Print every line from the start of the data, and when you reach the line with "以下が含まれることがあります", include it and stop. Pictures are not part of the copy.

§ Collected data
..............................

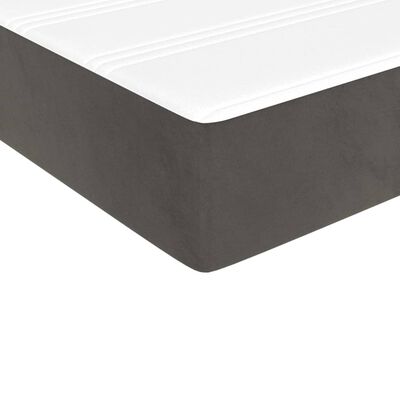 vidaXL sötétszürke bársony rugós ágy matraccal 140x200 cm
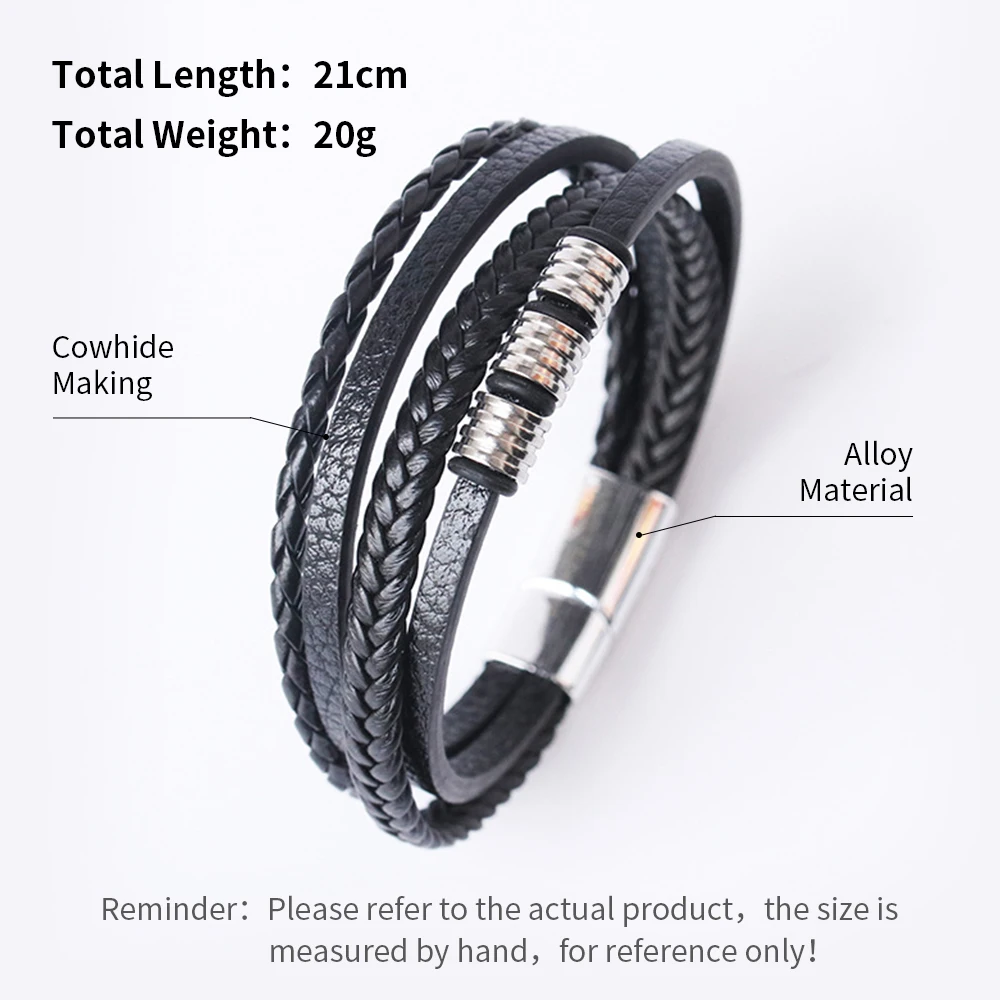 Stainless Steel Leather Bracelets: 21CM Multilayer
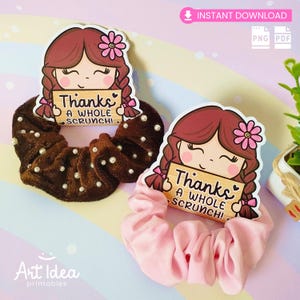 以下が含まれることがあります： 茶色の髪とピンクの花を持つ漫画の女の子が描かれた、印刷可能なギフトタグが2つ。女の子は「ありがとう、スクランchie全部！」と書かれた看板を持っています。各タグは、茶色と白のスクランchieとピンクのスクランchieとペアになっています。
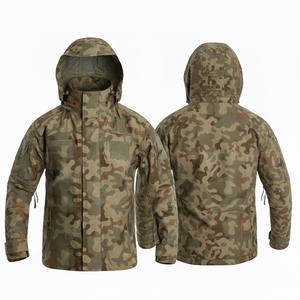 Trendy Fashionable Waterproof Camouflage Hooded Jacket Windproof Outdoor Workwear Lightweight Full Zip <b>Coat</b> with Adjustable Hood - Product Image 5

..............................

§ Finished exercise
 vidaXL sötétszürke bársony rugós ágy matraccal 140x200 cm
 Stainless Steel Leather Bracelets: 21CM Multilayer
 以下が含まれることがあります： 茶色の髪とピンクの花を持つ漫画の女の子が描かれた、印刷可能なギフトタグが2つ。女の子は「ありがとう、スクランchie全部！」と書かれた看板を持っています。各タグは、茶色と白のスクランchieとピンクのスクランchieとペアになっています。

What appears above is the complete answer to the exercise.